I think I am feeling free? Maybe? Perhaps? In past years, freedom has been something that I thought I had, but realized that I hadn’t quite obtained. With as many times as I have lost or gained weight, I should be an expert. When I was bemoaning all the extra weight I was carrying, I didn’t understand. What more could I need to learn? I now see that God was trying to give me a deeper sense of freedom.
The first time I lost a significant amount of weight my focus was only on keeping the scale in a certain place. As a result, my habits were not strong. I often re-gained the weight, and seemed to only have a superficial level of “health.” I appeared healthy because my weight was in a normal place, but it wasn’t very deep.

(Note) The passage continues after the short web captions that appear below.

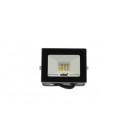 led-floodlight-indus-gen3-10w-950lm-4000k-natural-white-ip65-anthracite-3022010-vito-1 LED прожектор 10W 4000K VITO цвят антрацит | AVStore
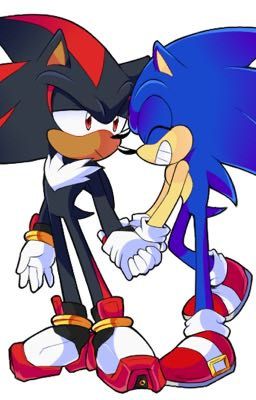 Sonadow Week 2019!!
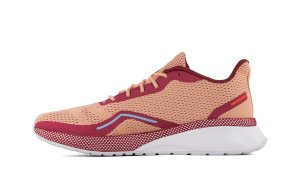 Dámské béžové boty Adidas NOVAFVSE X EE9927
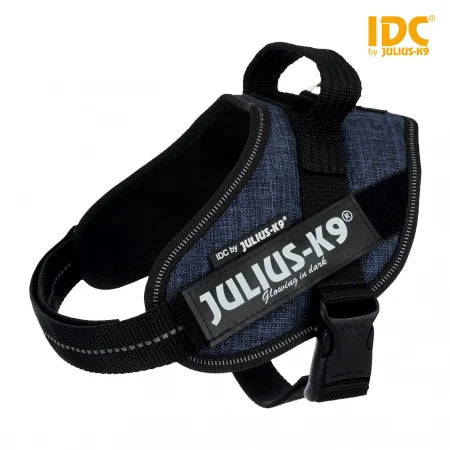 IDC Powerharness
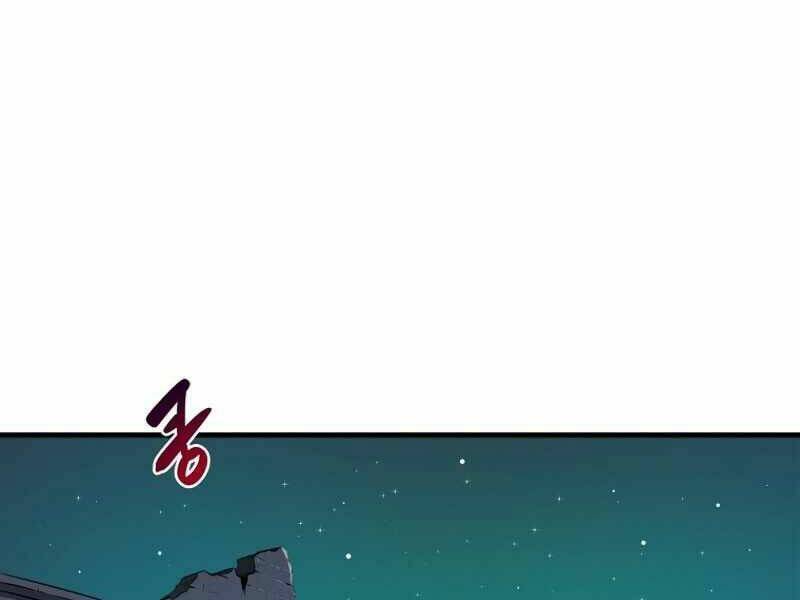 Streamer Pháp Sư - Chapter 12 - Page 60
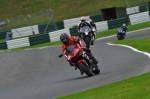 Motorcycle-action-photographs;cadwell;cadwell-park-photographs;event-digital-images;eventdigitalimages;motor-racing-louth-lincolnshire;no-limits-trackday;peter-wileman-photography;trackday;trackday-digital-images;trackday-photos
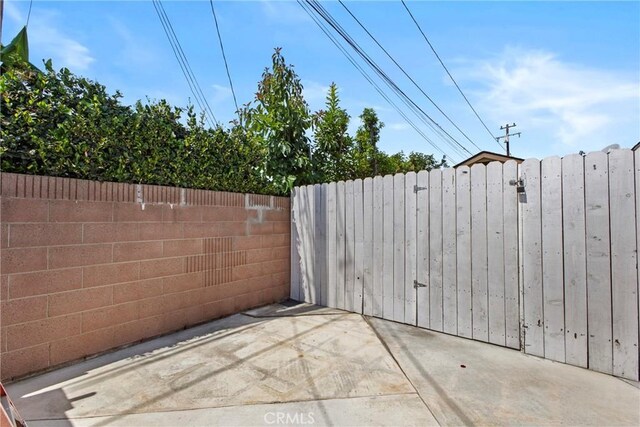 1314 E Sandalwood Ave, Anaheim, CA 92805 - photo 22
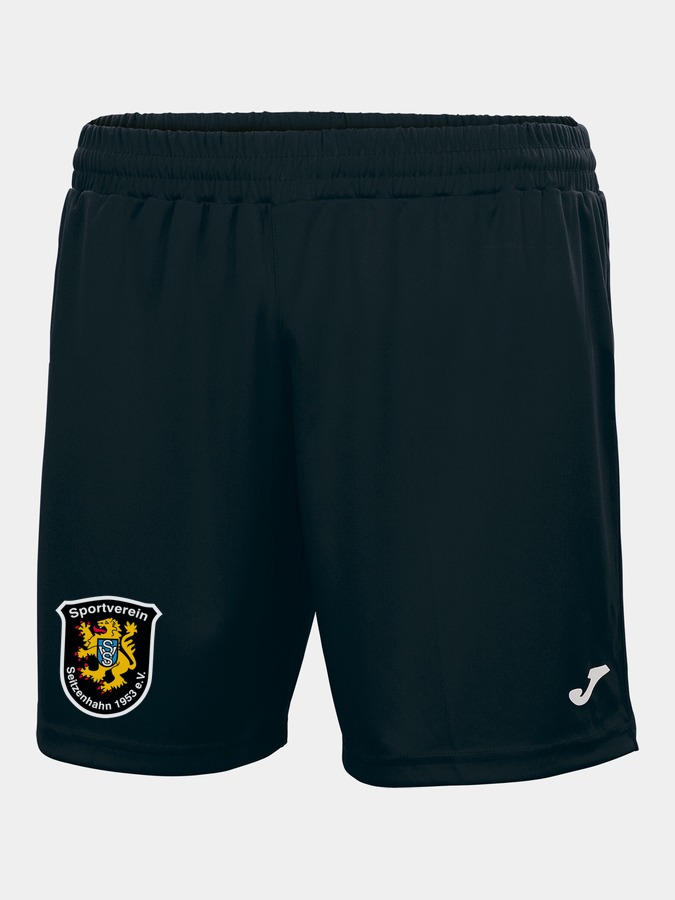 Joma Short Treviso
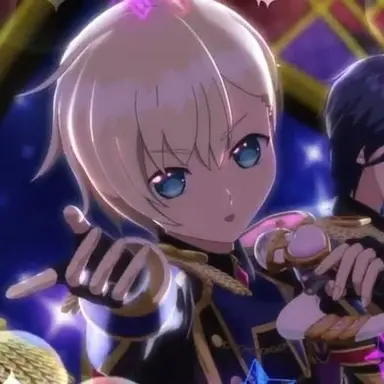 Profile image of 유메카와 쇼고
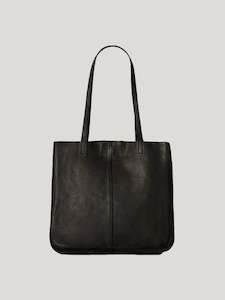 Womenswear: Baby Unlined Tote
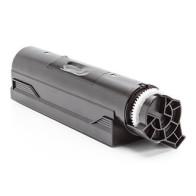 Compatible Oki B401DN,MB441DN,MB451DN,MB451DNW.2.5K#44992402 OKIMB451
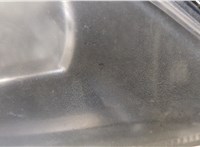  Фара (передняя) Mazda 2 2003-2008 20300953 #4
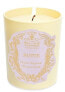 Santa Maria Novella Notte Scented Candle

The second time I worked on my physical activity behaviors, and learned to exercise just because it was and is good for me. This was right after I had my son, and my weight loss was very limited. I remember when my gym called and asked where I had been. I lived 2 minutes away! No excuse. In that season, I was not motivated to work-out. I had learned the bare minimum maintained my weight (e.g., eating within the bounds of hunger), and that’s all I did. I, however, was still immature and had to learn to practice health behaviors just because my health mattered. That led to a season of regular physical activity, but no real changes on the scale. Painful, but necessary for my growth.
So, this time around, after gaining 65 pounds, and losing about 80% of it, I think I finally learned a couple of things. Yes, my weight matters, but it also doesn’t matter. I’m still Rachel. Still full of all the wonderful things that make me unique and special, loved by my family and friends. Ten more pounds won’t change that. Freedom.
It is, however, more important than ever that I practice my health behaviors. This REALLY matters. When I at my heaviest, the doctor told me that I was pre-diabetic. Wow, her words were a hit to my heart. When I was younger, it was only about fitting into a certain size or type of clothes. However, now that I am closer than ever to 40, I am learning to make wise choices–just because they are wise. So, when I choose whole foods, or decide to take a walk, I find the decision is far less about achieving a certain number. The scale is a form of accountability, not my source of approval. Freedom.
I imagine there is likely more (with God there always is), but I think I see more clearly now. I can fly a little further on my journey without carrying this excess emotional, spiritual, and physical weight. I can worship God by making choices that honor all he has allowed me to learn, and act accordingly. I will continue to help others do the same. Thanks for journeying with me, friends.